O grande ponto, já constatado na prática, é a sensação de que o virtual é o mundo real. Se eu postar uma foto no Instagram como se estivesse agora mesmo em Dubai, isso será dado como fato para as pessoas que me seguem, mesmo que tenha ocorrido tempos atrás ou a foto seja uma montagem tão bem-feita ao ponto de não deixar dúvidas de que naquele momento eu esteja lá. É uma confusão completa e manipulável das sensações humanas entre o mundo real e o mundo paralelo.
Há potencial de influência político-eleitoral, pois o modo como nos comunicamos, agimos e vivemos pode provocar interferências artificiais no debate público. É algo que se dá no mundo virtual, mas não se separa do nosso mundo real, do nosso espaço cotidiano, pois nele influencia. Por mais que a cabeça do eleitor possa estar vagando no plano da imaginação, no metaverso – em determinado momento, o voto, que é a forma mínima de exercício da democracia, se dará no plano da vida real, com todas as consequências.
O que está por trás de tudo isso? O que pode ser feito enquanto há tempo?
Não se trata apenas – como tem sido divulgado – de instrumentos que impulsionam a compra de produtos, facilitam reuniões virtuais de trabalho ou participação em festas (ou lives) com realidade virtual aumentada, mas, da possibilidade de aplicação de velocidade e escala industrial global a tudo o que narramos acima, como também à propagação de discursos de ódio, movimentos separatistas, preconceito, discriminação e até montagens de discursos de candidatos com áudio e vídeo próximos da perfeição para enganar o eleitor.
São empresas estrangeiras atuando frouxamente, sem recolhimento justo de impostos e enviando seus lucros às suas matrizes – ocasionando concorrência desleal com outras empresas de mídia, sem regulamentação de suas atuações, e com raríssimos casos de punição em virtude de prejuízos causados a terceiros.

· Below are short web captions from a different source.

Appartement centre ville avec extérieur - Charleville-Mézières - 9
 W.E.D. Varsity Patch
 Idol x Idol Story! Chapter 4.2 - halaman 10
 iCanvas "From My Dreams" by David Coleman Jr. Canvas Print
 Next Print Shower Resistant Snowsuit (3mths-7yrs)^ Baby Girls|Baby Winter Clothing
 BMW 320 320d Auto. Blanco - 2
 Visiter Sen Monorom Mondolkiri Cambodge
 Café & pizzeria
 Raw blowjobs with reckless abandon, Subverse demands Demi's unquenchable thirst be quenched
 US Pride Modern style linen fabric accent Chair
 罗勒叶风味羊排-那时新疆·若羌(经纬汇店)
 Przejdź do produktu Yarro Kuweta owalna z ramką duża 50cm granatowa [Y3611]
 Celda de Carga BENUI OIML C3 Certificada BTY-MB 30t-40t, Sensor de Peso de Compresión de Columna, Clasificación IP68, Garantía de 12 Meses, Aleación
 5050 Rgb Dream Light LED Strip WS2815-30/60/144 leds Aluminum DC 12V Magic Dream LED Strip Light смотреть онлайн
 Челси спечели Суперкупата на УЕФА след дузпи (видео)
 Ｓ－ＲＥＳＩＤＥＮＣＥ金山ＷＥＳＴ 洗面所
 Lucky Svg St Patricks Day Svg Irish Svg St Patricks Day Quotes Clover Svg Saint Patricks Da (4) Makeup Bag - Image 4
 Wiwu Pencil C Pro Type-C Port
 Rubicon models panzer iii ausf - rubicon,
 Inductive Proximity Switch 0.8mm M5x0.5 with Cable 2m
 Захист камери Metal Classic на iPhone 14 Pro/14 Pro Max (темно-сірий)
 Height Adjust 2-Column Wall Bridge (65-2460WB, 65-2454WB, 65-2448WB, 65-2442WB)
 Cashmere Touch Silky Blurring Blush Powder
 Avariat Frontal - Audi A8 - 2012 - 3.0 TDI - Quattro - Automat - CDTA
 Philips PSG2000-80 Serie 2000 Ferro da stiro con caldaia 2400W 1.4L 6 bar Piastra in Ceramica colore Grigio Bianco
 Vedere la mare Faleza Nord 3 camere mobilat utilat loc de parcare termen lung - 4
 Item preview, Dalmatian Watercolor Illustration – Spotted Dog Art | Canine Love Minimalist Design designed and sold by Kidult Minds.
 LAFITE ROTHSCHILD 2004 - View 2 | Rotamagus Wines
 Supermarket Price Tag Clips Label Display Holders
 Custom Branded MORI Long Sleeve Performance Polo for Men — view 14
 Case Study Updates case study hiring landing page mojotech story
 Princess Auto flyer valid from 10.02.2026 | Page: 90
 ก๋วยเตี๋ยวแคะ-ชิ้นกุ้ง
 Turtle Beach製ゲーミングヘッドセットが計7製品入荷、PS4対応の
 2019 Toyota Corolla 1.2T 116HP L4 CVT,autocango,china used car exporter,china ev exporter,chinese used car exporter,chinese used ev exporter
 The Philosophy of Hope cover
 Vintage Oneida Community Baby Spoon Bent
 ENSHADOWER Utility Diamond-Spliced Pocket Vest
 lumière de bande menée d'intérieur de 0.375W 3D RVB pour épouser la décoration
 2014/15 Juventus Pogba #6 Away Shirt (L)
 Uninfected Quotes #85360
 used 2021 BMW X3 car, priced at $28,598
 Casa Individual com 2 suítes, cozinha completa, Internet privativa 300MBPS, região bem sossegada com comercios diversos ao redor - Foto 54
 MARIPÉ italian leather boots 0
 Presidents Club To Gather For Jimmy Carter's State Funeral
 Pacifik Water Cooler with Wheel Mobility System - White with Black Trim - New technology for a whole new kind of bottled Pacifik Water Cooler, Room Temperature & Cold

Por uma questão de cidadania, soberania nacional e defesa da democracia, é preciso refletir com responsabilidade sobre a necessidade de regular essa terra de ninguém – não de censurar, como dizem os que pretendem tumultuar o debate –, pois, sem quaisquer regras de controle, a conhecida propagação de notícias falsas e os ataques à democracia repousarão no jardim da infância diante do que está por vir com o metaverso aplicado à política.